*** Opening of INPUT DATA ***
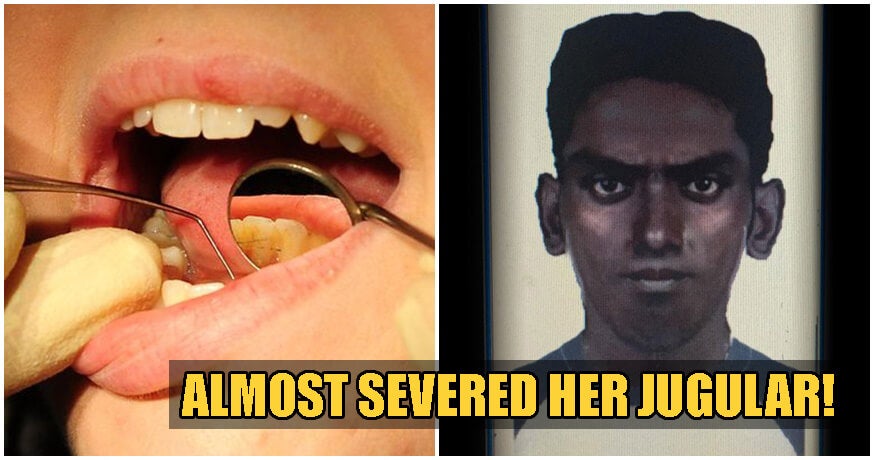 Pj Man Comes In For Root Canal, Then Slashes Dentist And Robs Her After - World Of Buzz 2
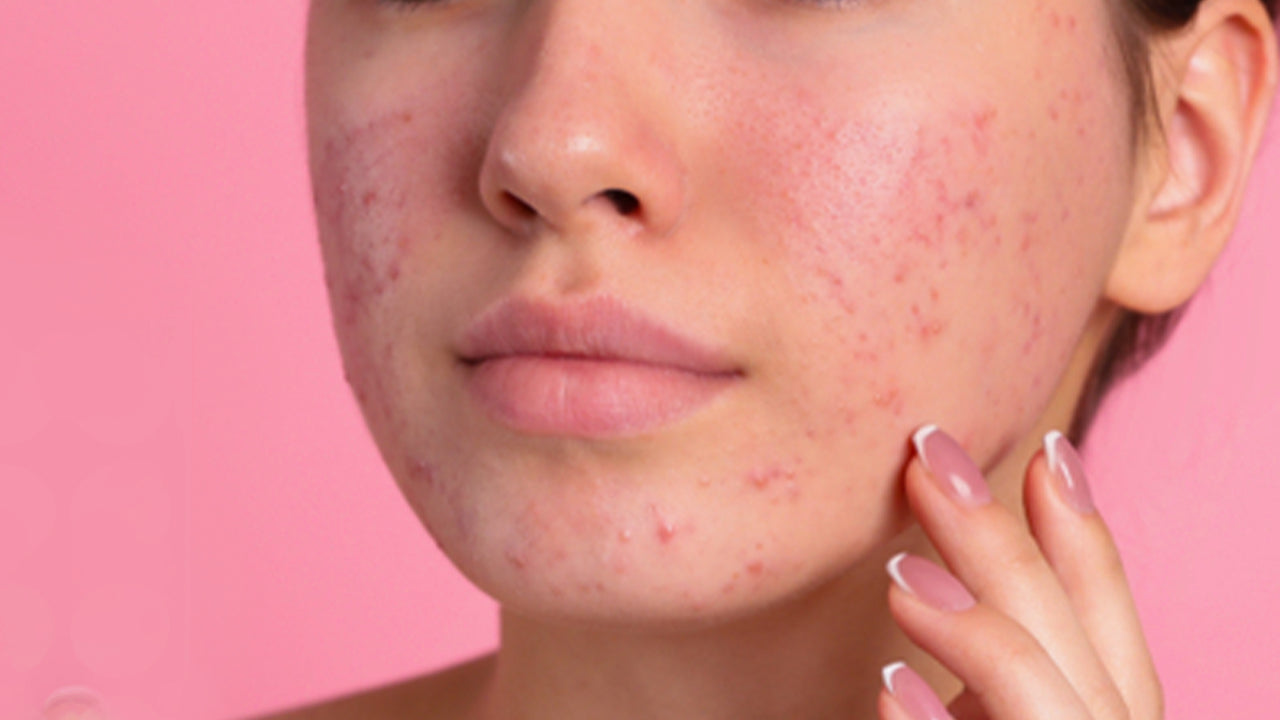 How To Get Rid Of Acne Scars | Retinoids for Acne | Vitamin c for Dark ...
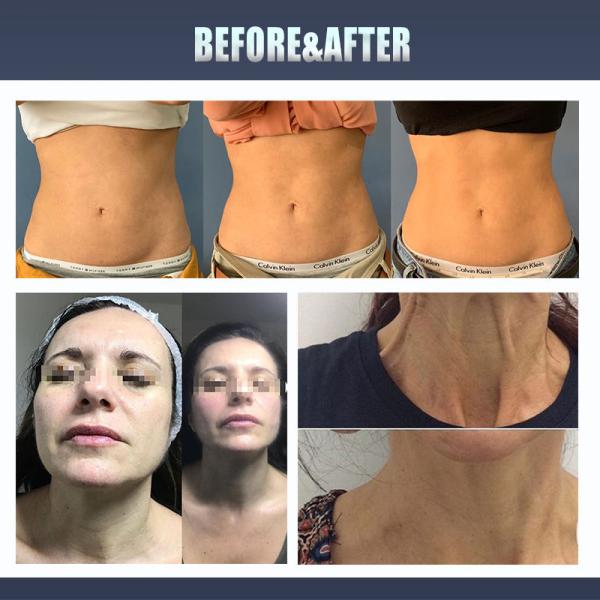 Multifunction Portable Hifu Face Lifting 3D 4D 5D Skin Tightening HIFU Machine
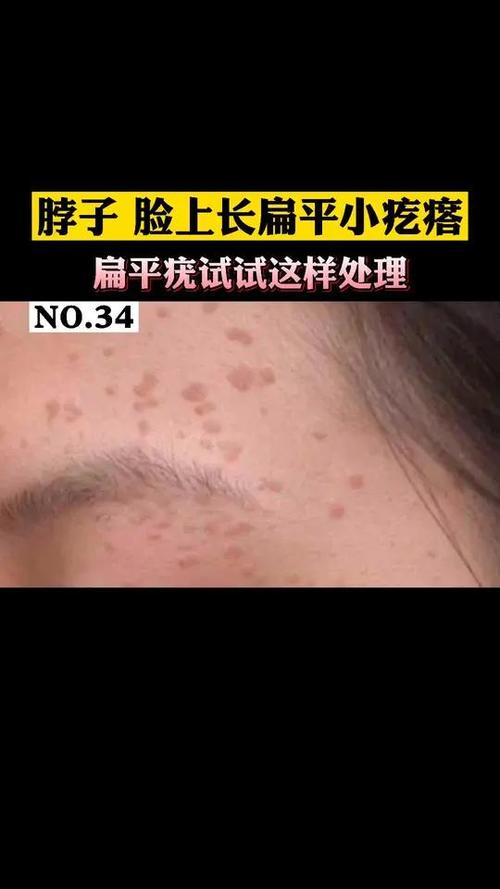为什么脸上长扁平疣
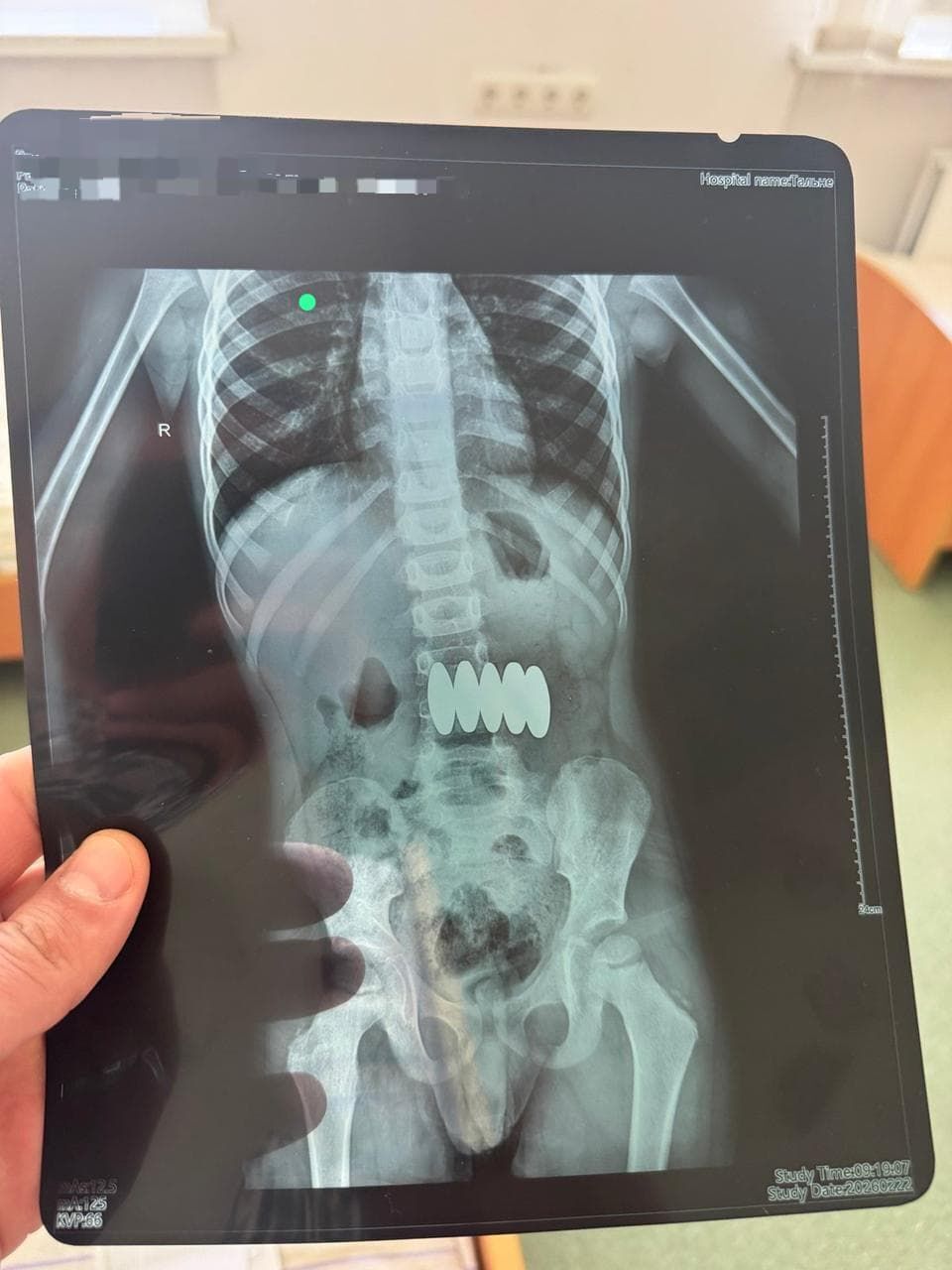 "Небезпечна іграшка": у Черкасах медики врятували дитину, яка проковтнула п'ять магнітів. Фото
*** Close of INPUT DATA ***
**ACTIVITY:** Print all entries exactly. The images do not belong in the copy.

**EXERCISE RESPONSE:**
 Pj Man Comes In For Root Canal, Then Slashes Dentist And Robs Her After - World Of Buzz 2
 How To Get Rid Of Acne Scars | Retinoids for Acne | Vitamin c for Dark ...
 Multifunction Portable Hifu Face Lifting 3D 4D 5D Skin Tightening HIFU Machine
为什么脸上长扁平疣
 "Небезпечна іграшка": у Черкасах медики врятували дитину, яка проковтнула п'ять магнітів. Фото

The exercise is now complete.